Every pipeline starts with a source. In production, this would be a real ERP system — SAP, Oracle, 1C, or a custom solution. For this demo, a Python generator simulates a live ERP database.

What the Generator Creates

Each run produces a realistic batch of FMCG transactional data:

  • Customers — retail chains, distributors, independent stores
  • Products — SKUs with categories, prices, and weight
  • Orders — purchase orders with status lifecycle (new → confirmed → shipped → delivered)
  • Order lines — individual items within each order (quantity, unit price, discounts)
  • Invoices — financial documents tied to orders and contracts
  • Payments — payment records against invoices
  • Warehouses — distribution centers that fulfill orders
  • Managers — sales managers assigned to customer accounts
  • Contracts — agreements between customers and the company

How It Runs

Airflow's fmcg_generator DAG triggers the generator every 30 minutes.
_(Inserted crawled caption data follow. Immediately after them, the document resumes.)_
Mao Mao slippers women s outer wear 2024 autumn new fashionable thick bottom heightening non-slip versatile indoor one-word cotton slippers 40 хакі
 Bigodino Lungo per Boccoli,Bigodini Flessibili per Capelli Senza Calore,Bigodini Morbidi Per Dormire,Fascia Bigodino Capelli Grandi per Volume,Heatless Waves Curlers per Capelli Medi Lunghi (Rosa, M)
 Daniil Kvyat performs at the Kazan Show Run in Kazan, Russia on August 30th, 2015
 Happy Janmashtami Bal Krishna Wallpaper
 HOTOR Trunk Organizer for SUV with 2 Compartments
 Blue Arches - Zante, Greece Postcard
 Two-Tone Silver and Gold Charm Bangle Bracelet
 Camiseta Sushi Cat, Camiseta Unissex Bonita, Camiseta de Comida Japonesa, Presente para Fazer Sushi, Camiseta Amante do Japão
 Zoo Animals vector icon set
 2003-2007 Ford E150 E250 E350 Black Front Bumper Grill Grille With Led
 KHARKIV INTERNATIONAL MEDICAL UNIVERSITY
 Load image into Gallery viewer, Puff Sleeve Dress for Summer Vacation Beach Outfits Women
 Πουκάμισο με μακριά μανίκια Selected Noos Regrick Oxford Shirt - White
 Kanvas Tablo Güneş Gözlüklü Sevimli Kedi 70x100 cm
Each run:

  1. Connects to PostgreSQL using Airflow Variables for credentials
  2. Generates new orders and related data for the current date
  3. Inserts rows into the erp schema source tables
  4. Triggers the fmcg_pipeline DAG automatically via TriggerDagRunOperator

Source Tables

erp.customers
erp.products
erp.orders
erp.order_lines
erp.invoices
erp.payments
erp.warehouses
erp.managers
erp.contracts

Why This Matters

The generator proves the pipeline works with continuous, unpredictable data — not a static CSV loaded once. New customers appear, products change prices, orders progress through statuses. This is what a real pipeline must handle.